On 14.12.2011 09:03, Martin B. wrote:
On 13.12.2011 18:22, Robert Ramey wrote:
Martin B. wrote:
[Serialization] (Commented) assertion when using types in multiple (...) (...) ## Question: Solutions? (...) I would like to see you invest some more effort to see exactly where the extra registration comes from.
Well, see my call-stack above and I'll dump a sourcecode sketch below. This does reproduce the thing for me, but other that ignoring the assert (upgrading to boost 1.48) I haven't tried any approaches yet.
Okay. Now, for this my testproject, I have been able to make it "just work" without the assertion by: 1. Removing the Types.cpp file from the executable (this will obviously initially give an unresolved external warning for Derived::* members) 2.) Make Derived a DLL export class, that is: class DLL_API Derived : ... with the usual #ifdef DLL_EXPORTS #define DLL_API __declspec(dllexport) #else #define DLL_API __declspec(dllimport) #endif To my surprise it compiles, links, and runs correctly. (And the type is only registered once, namely from the DLL.) Now I'll just have to check if this solution can be applicable for our real projects, where we currently use BOOST_CLASS_EXPORT() instead of the split versions and we have a multitude of derived classes.

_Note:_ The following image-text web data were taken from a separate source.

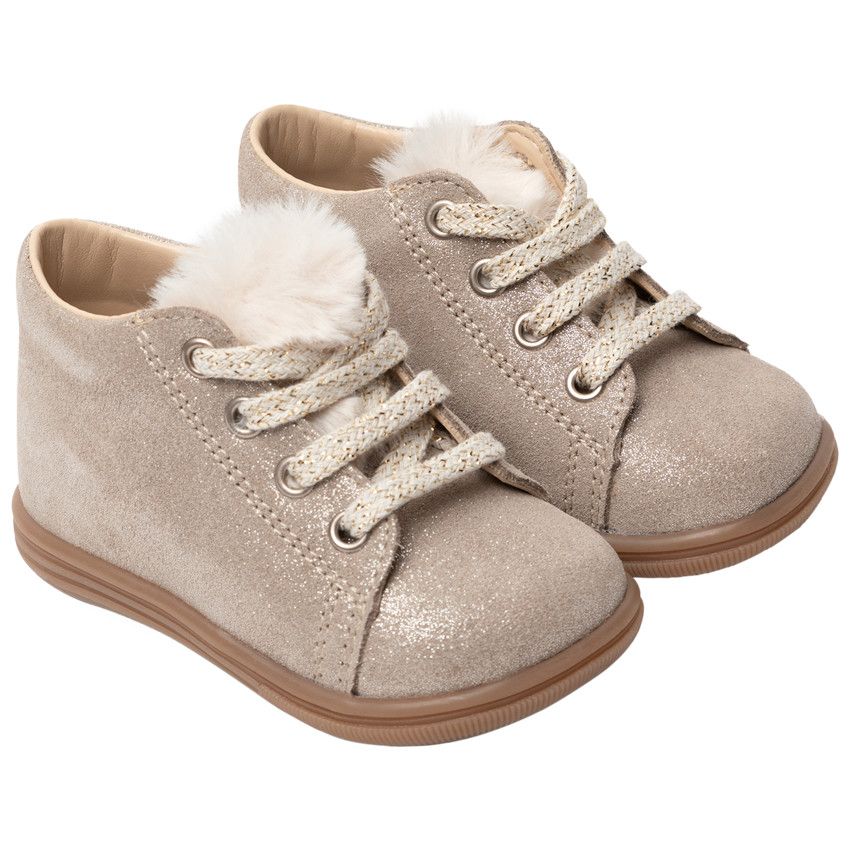 chaussure noir bebe fille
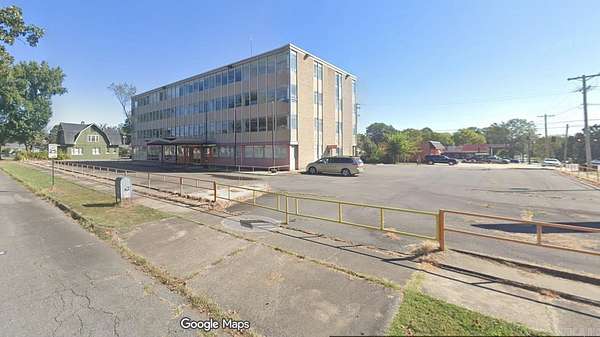 1.5 Acres of Commercial Land for Sale in North Little Rock, Arkansas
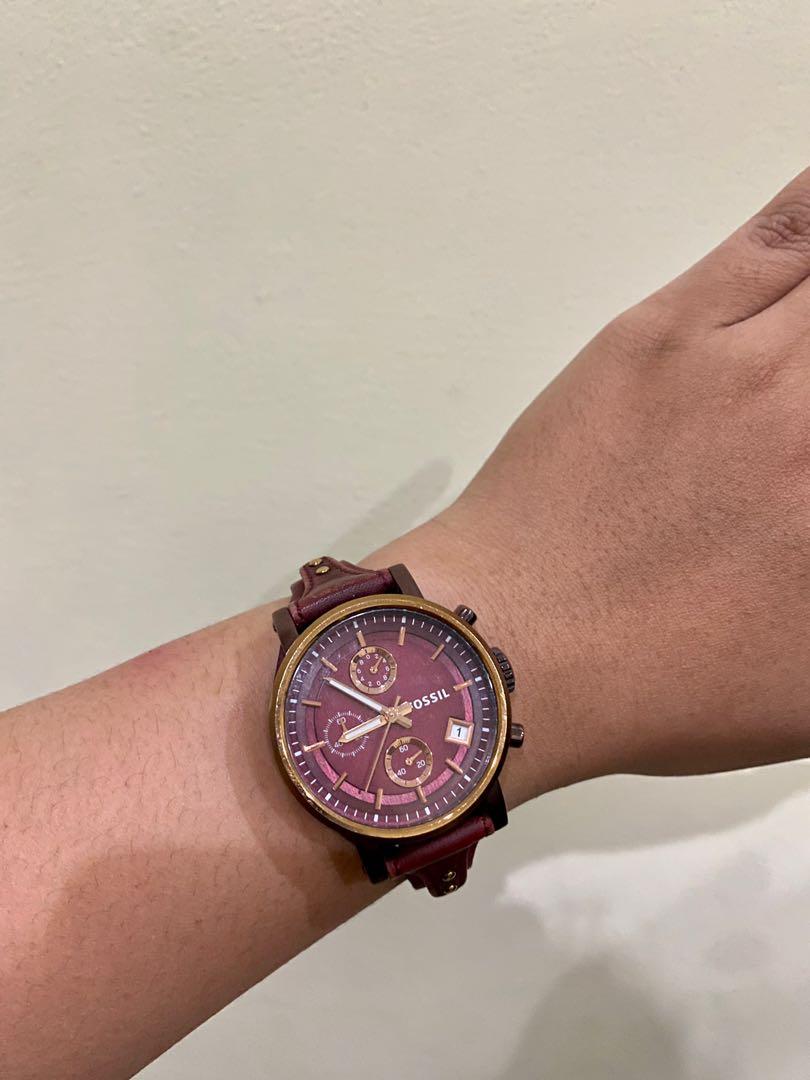 Women's Fossil Sport Chronograph Watch - ES4114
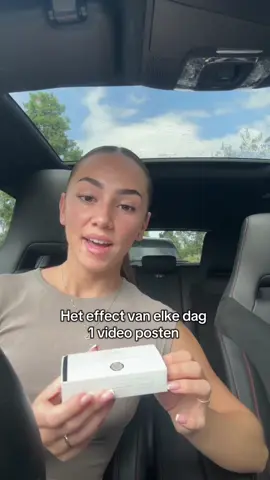 3 lessen die ik heb geleerd tijdens het groeien van mijn TikTok account😊 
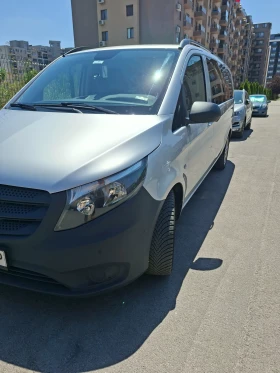 Mercedes-Benz Vito 114 /2, 2 turier extra long  | Mobile.bg    16
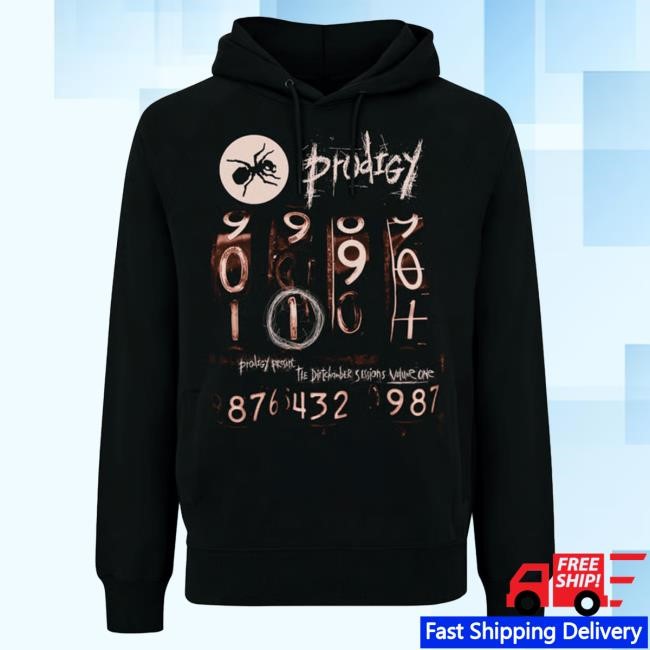 Official The Prodigy Store Shop The Prodigy Dirtchamber Hoodies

So maybe the assertion made sense after all. (Though I think this should be configurable on a type by type basis should it ever be reenabled.) cheers, Martin p.s: Leaving sorcecode quote:
ps: Sourcecode (files separated by ++++++++)
a) 2 Projects, one executable and one DLL that is "statically" used by the exe.
EXE: Types.cpp main.cpp
DLL: Types.cpp dll_main.cpp
b) An abstract base class and a derived class that are used in the EXE as well as in the DLL, but are compiled and linked for both.
c) The exe uses these types in serialization and the DLL as well.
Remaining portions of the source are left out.